Irish Prime Minister Leo Varadkar on Wednesday rejected Britain's bid to reopen negotiations less than two months before it is due to leave the European Union, echoing similar comments from EU leaders.

"As (EU Council) president (Donald) Tusk said yesterday, we are not offering a renegotiation and renegotiation is not on the table. There is no grounds to organise an emergency summit," Varadkar said in the Irish parliament.

British MPs have comprehensively rejected the Brexit deal as it stands, but on Tuesday said they could back it with an alternative to its controversial backstop clause.

The backstop would keep the Irish border free-flowing but could lock Britain indefinitely into EU trade arrangements.

A majority of British MPs want it replaced with "alternative arrangements" in order to back a deal and stop the UK crashing out of the EU on March 29 with no deal.

"I do not know what those alternative arrangements are," said Varadkar, who was due to have telephone talks with his British counterpart Theresa May later Tuesday.

"We've been down that track before and I don't believe that such alternative arrangements exist. And that is why we have the agreement that we have now.

"The only way I believe we can avoid a border, physical infrastructure... is through full regulatory alignment," he said.

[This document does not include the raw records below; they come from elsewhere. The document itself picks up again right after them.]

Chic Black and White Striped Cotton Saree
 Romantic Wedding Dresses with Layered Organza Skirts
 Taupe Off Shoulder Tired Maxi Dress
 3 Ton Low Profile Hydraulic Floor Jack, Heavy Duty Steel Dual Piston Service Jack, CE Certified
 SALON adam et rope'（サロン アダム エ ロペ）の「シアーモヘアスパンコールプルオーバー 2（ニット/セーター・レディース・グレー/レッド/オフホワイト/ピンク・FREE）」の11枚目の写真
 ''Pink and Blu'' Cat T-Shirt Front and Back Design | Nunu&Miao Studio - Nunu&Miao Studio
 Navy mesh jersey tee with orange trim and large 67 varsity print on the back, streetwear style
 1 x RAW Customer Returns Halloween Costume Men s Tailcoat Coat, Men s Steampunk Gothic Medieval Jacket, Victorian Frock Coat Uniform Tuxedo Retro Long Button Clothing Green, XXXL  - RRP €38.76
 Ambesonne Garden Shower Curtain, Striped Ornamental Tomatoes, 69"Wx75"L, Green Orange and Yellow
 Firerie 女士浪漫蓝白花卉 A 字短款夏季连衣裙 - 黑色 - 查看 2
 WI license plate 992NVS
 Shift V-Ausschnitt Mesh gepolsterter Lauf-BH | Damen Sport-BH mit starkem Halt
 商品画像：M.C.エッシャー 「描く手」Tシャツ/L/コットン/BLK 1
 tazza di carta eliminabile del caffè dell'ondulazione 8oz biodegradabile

Meanwhile, Irish foreign minister Simon Coveney said the Brexit deal "represents the best way, the only way, to ensure an orderly UK withdrawal".

He said the EU was committed to exploring and trying to find alternative border arrangements with the UK to replace the backstop in the future.

The insurance policy would kick in if nothing better emerges by the end of the proposed Brexit transition period, which concludes at the end of 2020, to avoid a hard border and physical checks and controls.

"This has been explored endlessly in the negotiations over the last two years. We have seen no alternative arrangements that meet this essential threshold," said Coveney.

"And we need a backstop or insurance mechanism based on legal certainty, and not just wishful thinking.

"We have less than two months to go now until Brexit happens on March 29. We are, quite simply, running out of road."